Two IMT 958 multi-role emergency response and rescue vessels (ERRVs), Grampian Fortress and Grampian Freedom, entered service this year in the North Sea. At 58m long, Grampian Fortress and its sister vessel are fitted with daughter craft and fast rescue craft as one would expect but are also able to transfer and store limited deck cargo and provide offshore locations with fresh water and fuel if required.
The contract for the vessels dates back to September 2013, when North Star Shipping, which is part of Craig Group, awarded a contract to the Spanish yard for six ERRVs of two different types – four IMT 950 designs, known as the D-class, of which four units had already been delivered to the same owner in 2012, and two IMT 958s, denoted the F-class.
Grampian Fortress and Grampian Freedom are 58.2m overall with a beam of 13.2m and are a further evolution on the earlier IMT 950 design, with a diesel-electric propulsion system and the additional functions of cargo-carrying capacity and backloading operations. In line with most of North Star’s fleet, the vessels will be engaged in standby and emergency response and rescue duties, primarily supporting oil rigs in the North Sea, where they will spend 28 days of every month, only returning to port for crew changes, loading fuel, stores and spares. The F-class are Group B standby rescue vessels, designed and outfitted to rescue up to 300 people in the UK sector. To withstand the demanding operating conditions of the North Sea, the ships were designed for the often harsh weather conditions, hence the high and covered bow area and wheelhouse shifted as far aft as practical to reduce greenwater wash.

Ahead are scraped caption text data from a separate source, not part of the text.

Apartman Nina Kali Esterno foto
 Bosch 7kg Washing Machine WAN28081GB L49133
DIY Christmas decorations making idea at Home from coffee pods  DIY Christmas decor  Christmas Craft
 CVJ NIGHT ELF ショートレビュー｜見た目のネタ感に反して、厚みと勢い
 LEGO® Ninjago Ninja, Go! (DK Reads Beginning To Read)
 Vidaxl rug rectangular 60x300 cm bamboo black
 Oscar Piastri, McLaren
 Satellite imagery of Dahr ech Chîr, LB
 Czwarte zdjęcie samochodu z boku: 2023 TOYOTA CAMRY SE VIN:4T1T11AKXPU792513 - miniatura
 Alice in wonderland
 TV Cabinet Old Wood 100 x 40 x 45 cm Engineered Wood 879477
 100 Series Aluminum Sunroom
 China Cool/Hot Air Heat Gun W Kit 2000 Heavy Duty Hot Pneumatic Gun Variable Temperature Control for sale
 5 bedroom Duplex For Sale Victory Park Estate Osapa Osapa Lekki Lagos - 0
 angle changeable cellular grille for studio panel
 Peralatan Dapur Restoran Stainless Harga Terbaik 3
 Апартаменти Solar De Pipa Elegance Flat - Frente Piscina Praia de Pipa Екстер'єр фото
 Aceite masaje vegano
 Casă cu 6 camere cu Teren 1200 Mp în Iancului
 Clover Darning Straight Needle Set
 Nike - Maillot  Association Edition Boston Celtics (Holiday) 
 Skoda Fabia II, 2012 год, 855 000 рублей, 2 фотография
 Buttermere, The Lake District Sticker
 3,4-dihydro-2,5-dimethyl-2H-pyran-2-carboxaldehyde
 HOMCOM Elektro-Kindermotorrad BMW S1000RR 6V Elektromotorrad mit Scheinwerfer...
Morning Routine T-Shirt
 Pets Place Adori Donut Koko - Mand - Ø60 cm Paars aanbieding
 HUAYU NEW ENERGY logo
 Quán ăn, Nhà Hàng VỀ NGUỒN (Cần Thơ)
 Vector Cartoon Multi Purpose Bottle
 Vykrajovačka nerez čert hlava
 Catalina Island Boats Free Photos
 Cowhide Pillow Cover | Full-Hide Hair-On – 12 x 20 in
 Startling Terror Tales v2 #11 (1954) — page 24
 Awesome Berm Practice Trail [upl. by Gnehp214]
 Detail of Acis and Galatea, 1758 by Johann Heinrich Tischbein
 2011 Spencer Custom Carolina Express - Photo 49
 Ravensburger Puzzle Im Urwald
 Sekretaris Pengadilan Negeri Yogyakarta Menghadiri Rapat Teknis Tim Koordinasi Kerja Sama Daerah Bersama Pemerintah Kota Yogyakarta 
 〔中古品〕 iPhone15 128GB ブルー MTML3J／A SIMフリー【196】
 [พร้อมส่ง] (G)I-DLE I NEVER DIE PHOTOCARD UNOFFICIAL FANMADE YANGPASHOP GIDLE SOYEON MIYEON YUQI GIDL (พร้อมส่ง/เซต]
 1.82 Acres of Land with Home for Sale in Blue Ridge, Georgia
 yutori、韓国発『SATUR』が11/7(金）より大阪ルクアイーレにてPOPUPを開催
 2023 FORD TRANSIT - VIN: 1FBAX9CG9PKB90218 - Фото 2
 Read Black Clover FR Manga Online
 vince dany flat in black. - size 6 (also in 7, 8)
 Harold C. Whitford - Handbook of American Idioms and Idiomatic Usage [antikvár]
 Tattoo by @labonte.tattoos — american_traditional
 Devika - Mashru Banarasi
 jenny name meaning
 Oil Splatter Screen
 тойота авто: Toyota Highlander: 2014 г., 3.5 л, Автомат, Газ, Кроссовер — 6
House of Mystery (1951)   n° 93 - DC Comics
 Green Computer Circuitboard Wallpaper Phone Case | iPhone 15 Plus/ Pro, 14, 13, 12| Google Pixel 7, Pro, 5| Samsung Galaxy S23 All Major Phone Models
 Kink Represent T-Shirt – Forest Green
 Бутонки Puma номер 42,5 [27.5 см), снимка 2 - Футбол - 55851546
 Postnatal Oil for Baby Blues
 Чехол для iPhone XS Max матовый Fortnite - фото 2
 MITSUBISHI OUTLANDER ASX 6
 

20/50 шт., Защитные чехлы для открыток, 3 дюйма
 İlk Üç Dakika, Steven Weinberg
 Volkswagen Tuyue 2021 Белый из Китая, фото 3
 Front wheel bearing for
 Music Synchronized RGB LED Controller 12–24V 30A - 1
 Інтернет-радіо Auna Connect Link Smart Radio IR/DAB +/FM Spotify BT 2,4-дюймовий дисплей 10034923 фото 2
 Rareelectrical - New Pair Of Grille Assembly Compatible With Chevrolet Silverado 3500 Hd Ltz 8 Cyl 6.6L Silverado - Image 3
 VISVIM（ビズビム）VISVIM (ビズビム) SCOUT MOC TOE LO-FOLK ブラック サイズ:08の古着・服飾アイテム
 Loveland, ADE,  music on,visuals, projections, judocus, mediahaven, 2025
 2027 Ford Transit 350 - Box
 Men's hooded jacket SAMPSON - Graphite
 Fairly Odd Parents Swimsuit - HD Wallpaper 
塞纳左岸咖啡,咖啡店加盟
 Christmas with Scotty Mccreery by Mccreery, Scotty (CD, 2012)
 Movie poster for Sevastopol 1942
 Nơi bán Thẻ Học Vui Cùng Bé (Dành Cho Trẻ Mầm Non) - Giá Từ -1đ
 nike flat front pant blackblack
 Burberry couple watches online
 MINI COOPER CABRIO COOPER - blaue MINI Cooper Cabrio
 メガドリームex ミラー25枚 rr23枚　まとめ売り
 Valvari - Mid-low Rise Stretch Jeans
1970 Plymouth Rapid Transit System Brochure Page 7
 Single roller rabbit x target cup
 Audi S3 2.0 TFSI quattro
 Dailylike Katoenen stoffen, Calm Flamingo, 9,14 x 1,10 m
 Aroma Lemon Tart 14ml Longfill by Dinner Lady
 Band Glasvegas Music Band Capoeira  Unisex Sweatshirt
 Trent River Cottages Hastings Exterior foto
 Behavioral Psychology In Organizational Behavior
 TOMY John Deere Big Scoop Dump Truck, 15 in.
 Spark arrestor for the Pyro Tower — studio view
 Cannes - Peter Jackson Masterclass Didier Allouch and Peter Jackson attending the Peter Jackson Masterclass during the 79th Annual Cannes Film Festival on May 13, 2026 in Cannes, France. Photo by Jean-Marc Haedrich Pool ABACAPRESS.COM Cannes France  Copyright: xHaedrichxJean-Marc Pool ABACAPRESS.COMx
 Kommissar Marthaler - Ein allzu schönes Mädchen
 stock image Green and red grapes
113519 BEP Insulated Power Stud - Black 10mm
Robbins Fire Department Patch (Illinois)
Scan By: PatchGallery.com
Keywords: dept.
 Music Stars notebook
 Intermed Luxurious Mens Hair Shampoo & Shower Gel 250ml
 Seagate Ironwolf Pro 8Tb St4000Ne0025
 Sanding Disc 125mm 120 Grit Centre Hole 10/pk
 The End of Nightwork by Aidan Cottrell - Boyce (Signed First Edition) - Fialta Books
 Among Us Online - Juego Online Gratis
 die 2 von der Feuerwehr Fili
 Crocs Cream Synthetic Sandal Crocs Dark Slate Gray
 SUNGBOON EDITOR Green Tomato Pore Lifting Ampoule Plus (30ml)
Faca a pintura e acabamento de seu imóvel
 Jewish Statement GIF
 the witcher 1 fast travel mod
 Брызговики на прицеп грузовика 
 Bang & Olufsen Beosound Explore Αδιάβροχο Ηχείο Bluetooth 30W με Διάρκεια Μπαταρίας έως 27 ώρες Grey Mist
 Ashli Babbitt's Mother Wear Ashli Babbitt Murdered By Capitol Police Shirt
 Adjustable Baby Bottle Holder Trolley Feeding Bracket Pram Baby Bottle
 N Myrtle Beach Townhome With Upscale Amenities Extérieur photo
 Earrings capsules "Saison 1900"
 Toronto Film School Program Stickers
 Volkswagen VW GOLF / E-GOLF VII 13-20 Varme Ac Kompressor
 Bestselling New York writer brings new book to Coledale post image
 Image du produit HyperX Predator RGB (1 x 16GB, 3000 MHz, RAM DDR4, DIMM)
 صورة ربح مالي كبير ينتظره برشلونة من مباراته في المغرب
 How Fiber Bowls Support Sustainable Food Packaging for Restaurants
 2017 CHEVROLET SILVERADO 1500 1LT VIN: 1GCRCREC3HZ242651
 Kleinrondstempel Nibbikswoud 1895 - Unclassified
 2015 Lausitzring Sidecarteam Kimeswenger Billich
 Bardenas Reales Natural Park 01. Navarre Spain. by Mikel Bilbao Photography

The hull lines are fine forward with a semi-bulbous bow lengthening the waterline length to improve the hull performance.
The diesel-electric propulsion arrangement was selected because it offers several advantages, including greater propulsion redundancy, flexibility, reduced fuel consumption and hence reduced emissions. The vessel has four main generators sets of 599kW each, driven by high speed engines to generate the vessel’s electrical power for propulsion and all consumers on the ship. Each generating set comprises a Caterpillar C18 engine with two gensets connected to it. The main propulsion system of the vessel comprises two azimuth thrusters aft and two tunnel thrusters forward. Initially, the project had a single tunnel thruster forward, but the owner decided on a second thruster being fitted as it allows for retrofitting of a DP2 system should potential future charters for the vessel so require it.
The dedicated survivor spaces and treatment area have been incorporated at main deck level, for easy access of survivors into the accommodation. All the UKOOA regulatory accommodation outfit and equipment, as required for this kind of vessel, have been carefully studied and laid out to enhance a speedy access and flow of survivors to the different treatment, resting or sitting areas. On the outside deck, the hot water rinsing showers are next to the entrance, after which able survivors access the reception area for registration. From here, they would be directed to the treatment room, waiting area (for treatment), recovery area outfitted with beds or sitting area below deck, depending on their physical state. This deck also houses all washroom facilities for survivors. For rescue operations, the vessel is provided with a Delta Phantom daughter craft and one Solas approved Avon Searider 6.5m fast rescue craft. Other appliances for rescuing survivors from the water are the Dacon scoop and a rescue basket, both of which are operated from onboard the vessel and do not require any of the ship’s crew to leave the safety of the vessel in adverse weather conditions.